The merge driver is expected to leave the result of the merge in
the file named with %A
by overwriting it, and exit with zero
status if it managed to merge them cleanly, or non-zero if there
were conflicts. When the driver crashes (e.g. killed by SEGV),
it is expected to exit with non-zero status that are higher than
128, and in such a case, the merge results in a failure (which is
different from producing a conflict).
The merge.*.recursive
variable specifies what other merge
driver to use when the merge driver is called for an internal
merge between common ancestors, when there are more than one.
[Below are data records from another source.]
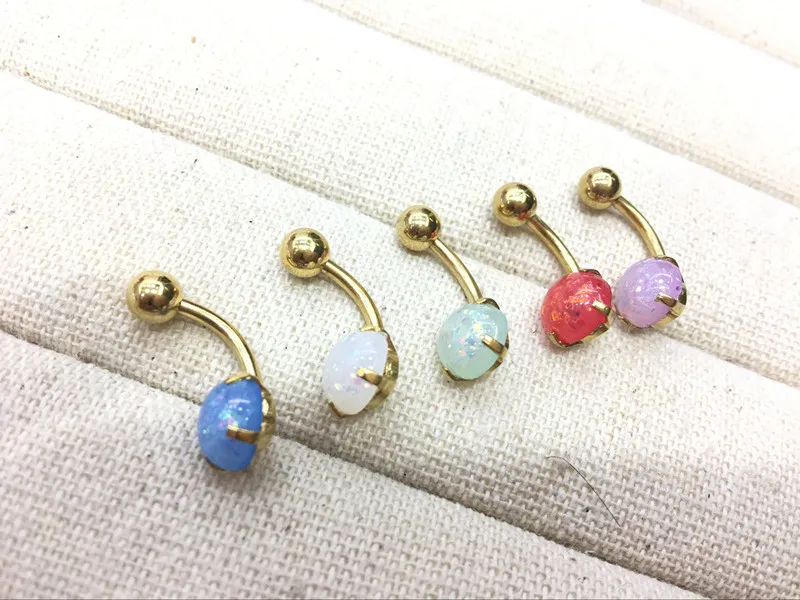 50pcs Body Jewelry Piercing Opalite Gems Navel Belly Button Bar Navel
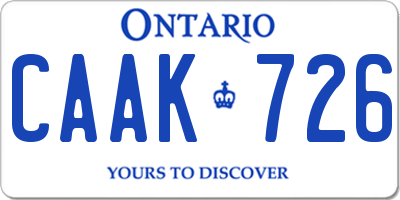 ON license plate CAAK726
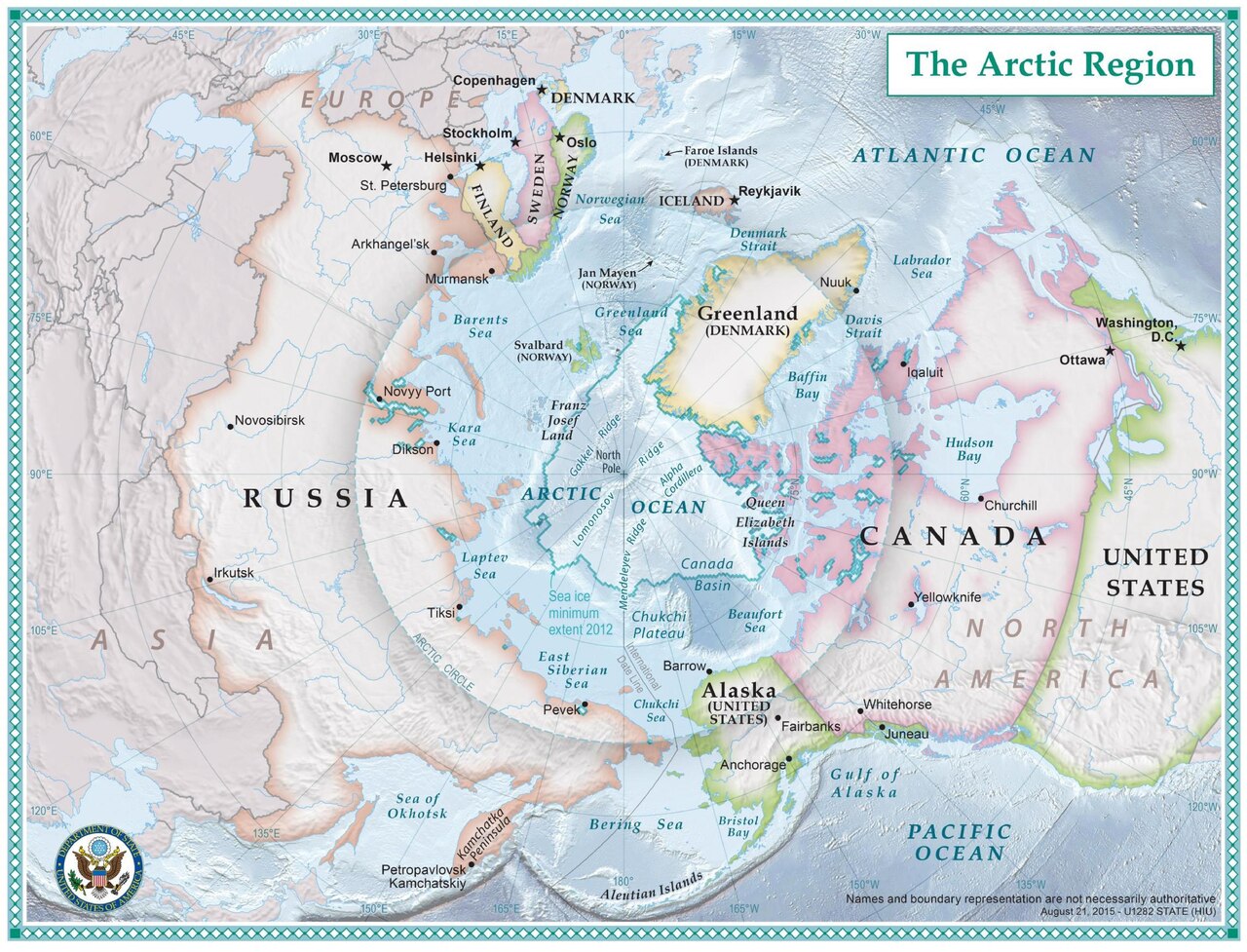 A map shows the countries that share the icy Arctic.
When left unspecified, the driver itself is used for both
internal merge and the final merge.
The merge driver can learn the pathname in which the merged result
will be stored via placeholder %P
.
conflict-marker-size
This attribute controls the length of conflict markers left in the work tree file during a conflicted merge. Only a positive integer has a meaningful effect.
For example, this line in .gitattributes
can be used to tell the merge
machinery to leave much longer (instead of the usual 7-character-long)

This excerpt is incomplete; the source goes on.